Şahsen, yalnız Kur’an değil, yalnız Allah diyorum. Allah’tan başka her şeyin benzeri vardır ve Kur’an’ın benzeri de kainat kitabıdır. Bu iki ilahi kitap birbirini acıklamaktadır. Ve Kur’an, hayat kitabının gerceğini ve geleceğini acıklayan rehberdir. Kainat kitabı ise; İlahi Ana kitaptır, Levhi mahfuzdur, Allah’ın ilminde ve hıfzında, korumasında (hafızasındaki) yaşayan kitaptır.
Hakiki Tevhid ehli kardeşlerimiz Yalnız Kur’an değil, dayanak olarak Allah’ın bu şuphesiz iki kitabına yonelip, kelama kulak verenleri de yonlendirerek, “Yalnız Allah” demelidir.

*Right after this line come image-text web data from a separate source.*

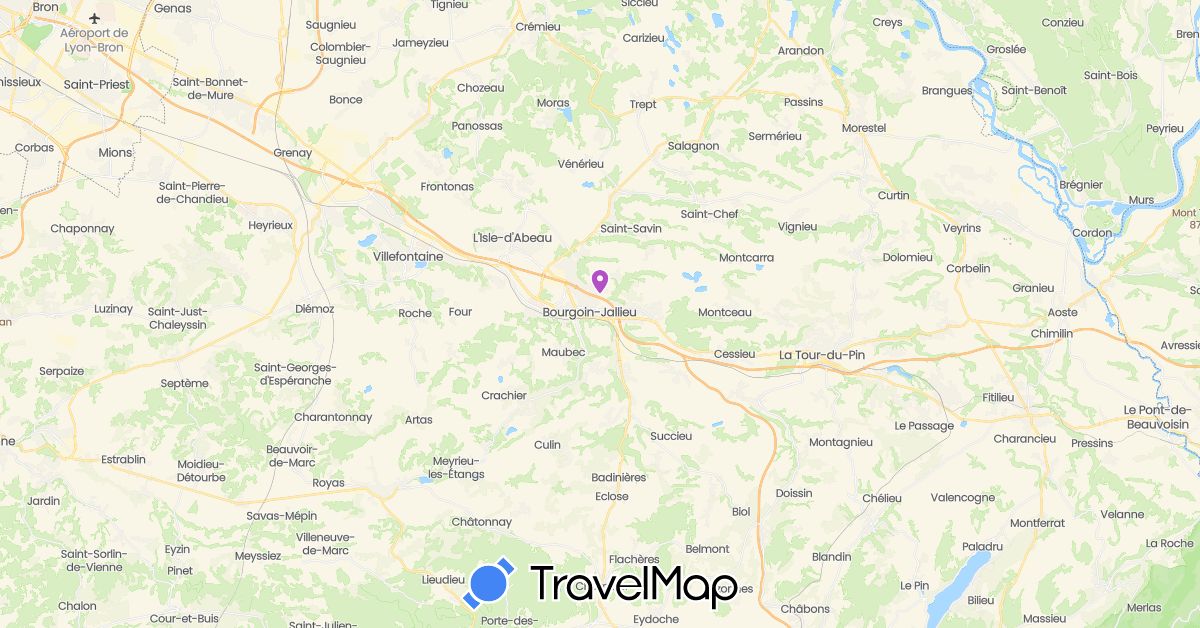 TravelMap itinerary: train in France (Europe)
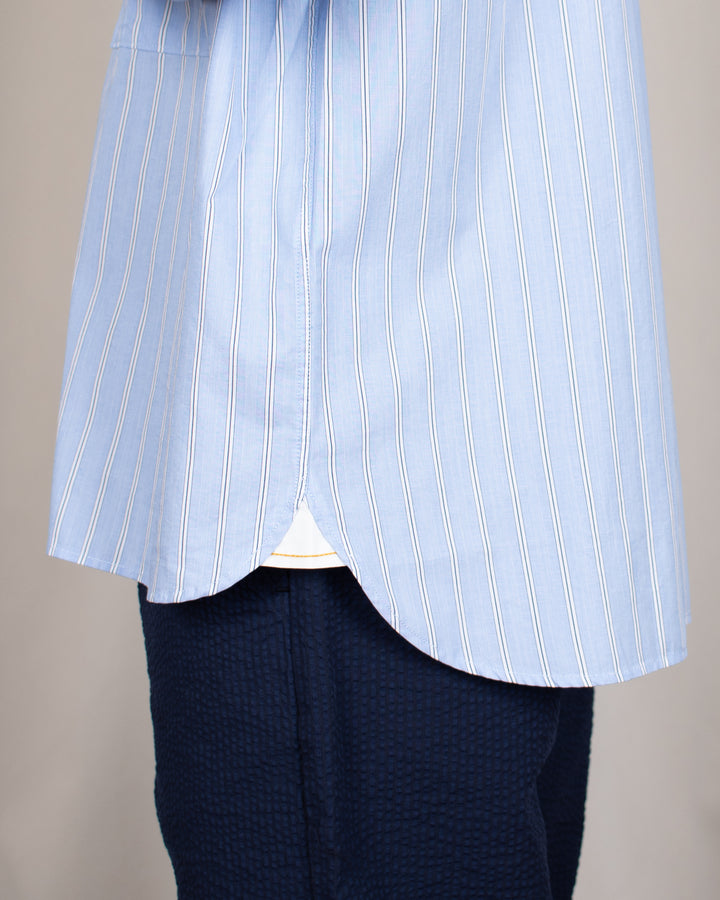 Square Pocket Shirt MC Stripe Blue
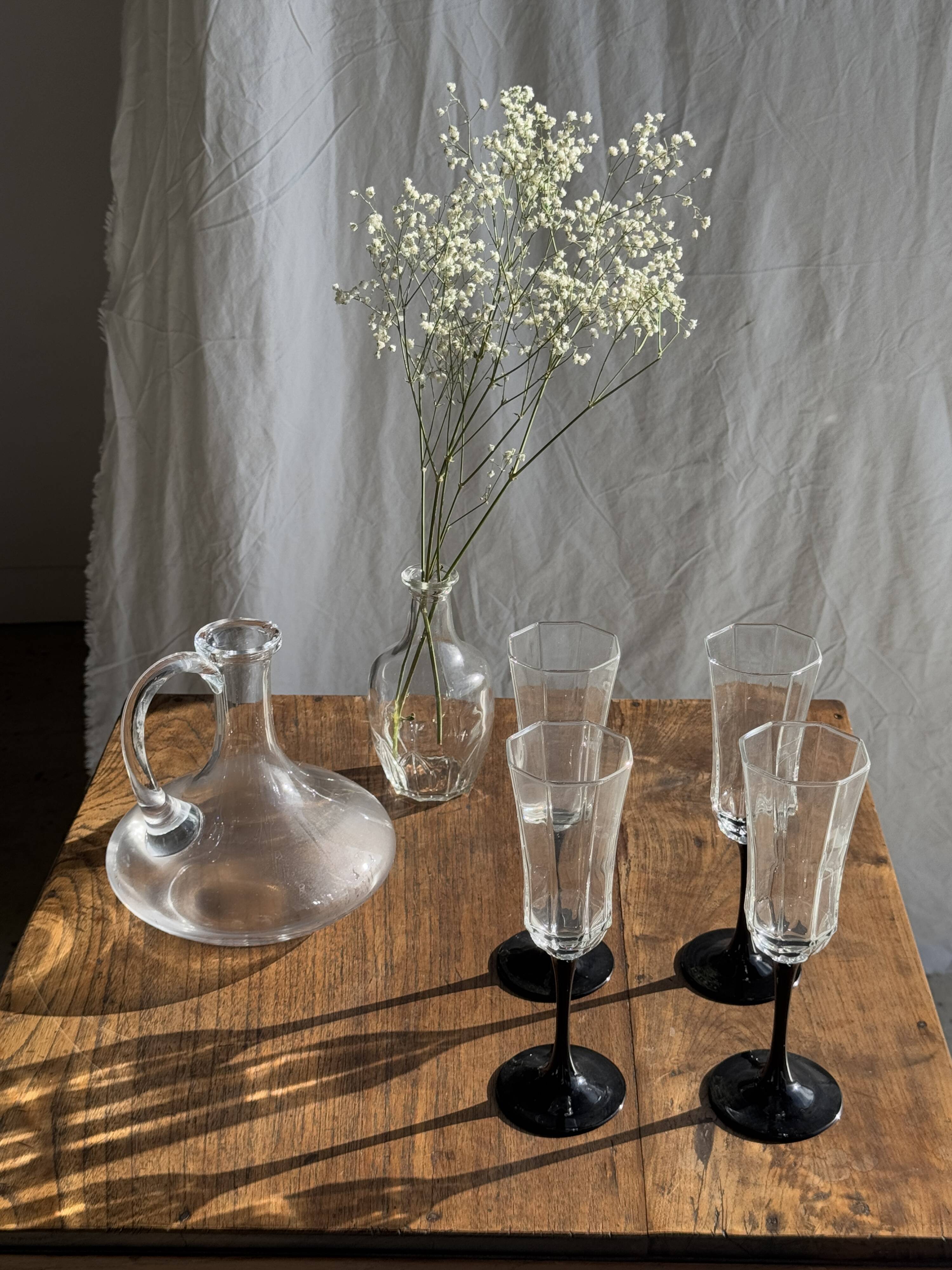 Vintage glass carafe with flattened flared belly handle H18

Kur’an dahi kainat gibi, Allah’ın emrinden emirdir – Onun işlerinden bir iştir. Fıtratı Onun tarafından yaratılmıştır, yaşayan bir kitabıdır.
Tevhit ehli Muslumanlar, Kur’an ile birlikte yaşayan kitaba (hayata) bakmalı, beşerin el attığı ve şeytanların cirit attığı tarihin gaybına asla rucu etmemelidir. Beşerin icine karıştığı kitapları dinden saymamalıdır. Doğrulmak icin oz eleştiri yaparak, artık bu yanlışlarda halen inat etmemeliyiz,yalnız Allah icin ihlas ile.

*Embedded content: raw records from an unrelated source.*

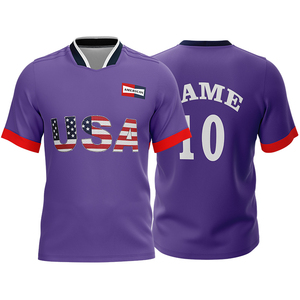 Camiseta de Fútbol de EE. UU. para Hombre, Cuello en V, Manga Corta, Azul Marino y Rojo, Sublimada, Absorbe la Humedad, Ropa Deportiva de la Mejor Calidad con OEM ODM - Product Image 5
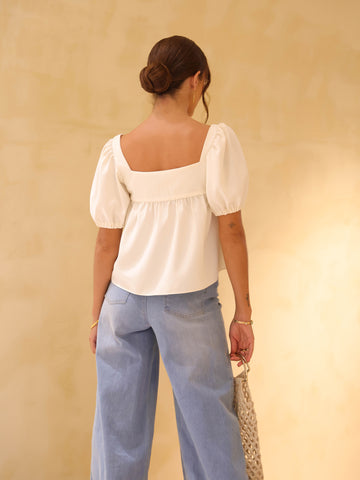 Square Neck Puff Sleeved Top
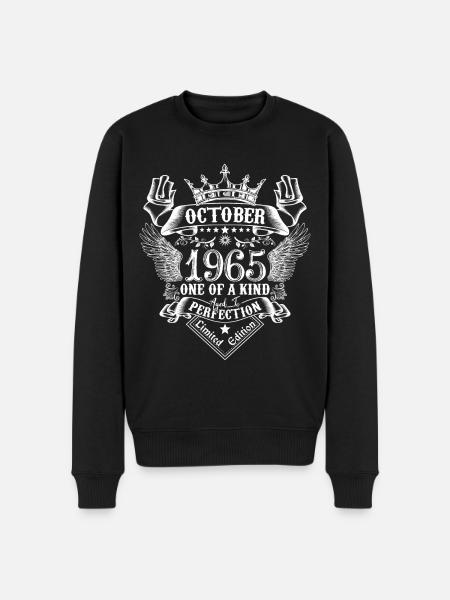 October 1965 anniversary 1965 October - Men's Premium Organic Jumper - black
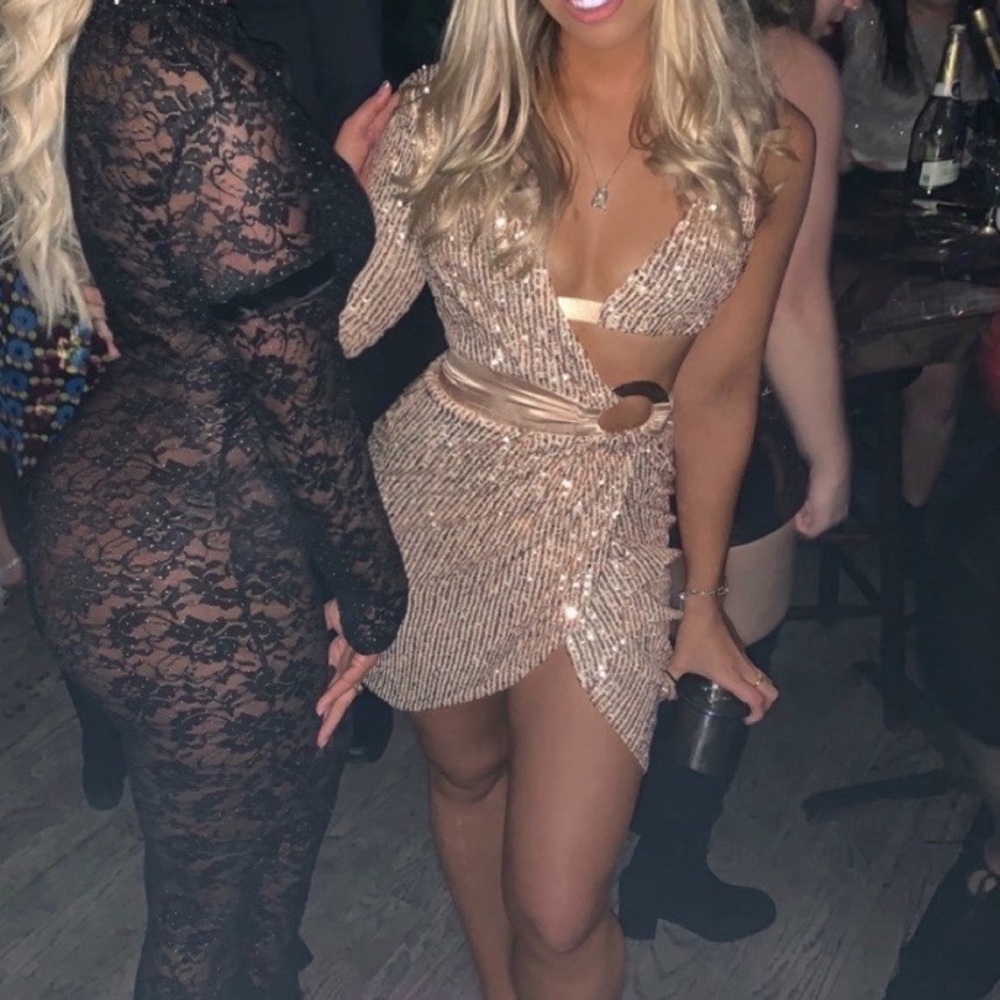 Fun Gold Dress Cutout Dress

Salatın aslı ve ilk zamanlarda olduğu gibi anlamı, Kur’an’ı hayata gecirmektir. Sabah oğle akşam ve gunun fırsat bulduğumuz her zamanında okuduğumuz her ilahi vasiyeti - zikri hayata gecirmeliyiz. İlk zamanda muminler mescitte toplanır, vahiyleri alır, rasul ile birlikte Rabbin huzurunda misak ve ahd eder, sonra bunları hayat gecirmek – ikame etmek uzere dağılırlardı, işte asıl salat budur. Vahyi hayata gecirmektir. Rasul’den sonra işin bu kısmı gitmiş / kaldırılmış, salatın ici boşaltılmış, yerine bir kuru tapınma kalmıştır. Aksi halde zalim krallıklar kurulamazdı. Din adamları gerceği bildiği halde artık gizlemesinler. Bilmeyen topluluklara salatı namaz diye gostermenin vebalini sonra - yakında cekerler.

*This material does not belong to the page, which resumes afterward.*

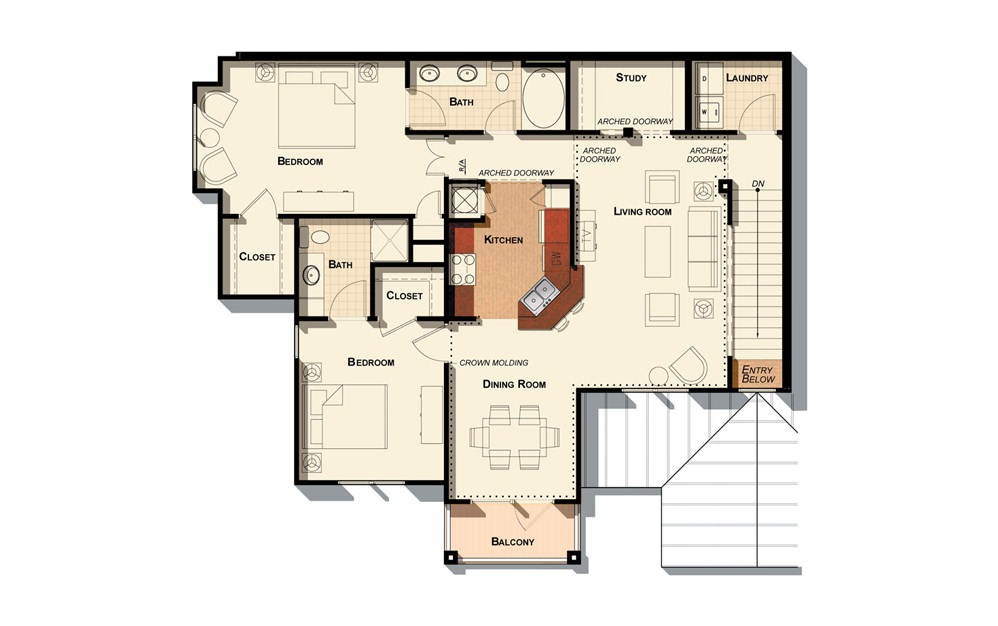 B4 - 2 bedroom floorplan layout with 2 baths and 1333 square feet.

Allah ismi yerine Tanrı, Resul yerine Peygamber ne demekse; Hakk’a ibadet – kulluk yerine Tanrıya tapmak demek ve salat yerine namaz demek aynen oyle anlam kaydırmasıdır.
Rasul’un ornek alınması gereken, hayat tarzı ve yaptığı mucadele, kufre ve zulme karşı verdiği buyuk tevhit ve ıslah mucadelesidir, ayakta dururken nasıl el bağladığı değil, nasıl yemek yediği, giyindiği vs. değil, fakat onun hanif – halis İslam davetidir. Kurtuluşa - felaha davettir.
Evet yapmadığımız eksiklikler bence bunlardır:
1- Kitabın refere ettiği (gosterdiği) yere (hayata) bakmak: ki; Kur’an, buyuk ilahi kitap olan varlık ve hayat kitabına bakın der. (Allah’ın yer ve semalardaki ayetlerini gormezler mi? der) İki kitap birbirini acıklamaktadır. Bence bariz olan bir ornek: dunya nufusunun yarısı erkek yarısı kadındır, Yaratan Rabbin bu yaşayan kitabına (hayata) gore insanlar arasındaki evlilik tek eşlidir. Bir diğer ornek: “kadınlarınız arasında anlaşmazlık olursa…….” Evdeki duruma (hayata) baktığımızda; kayınvalide – gelin – gorumce arasındaki muzmin anlaşmazlıkları goruyoruz.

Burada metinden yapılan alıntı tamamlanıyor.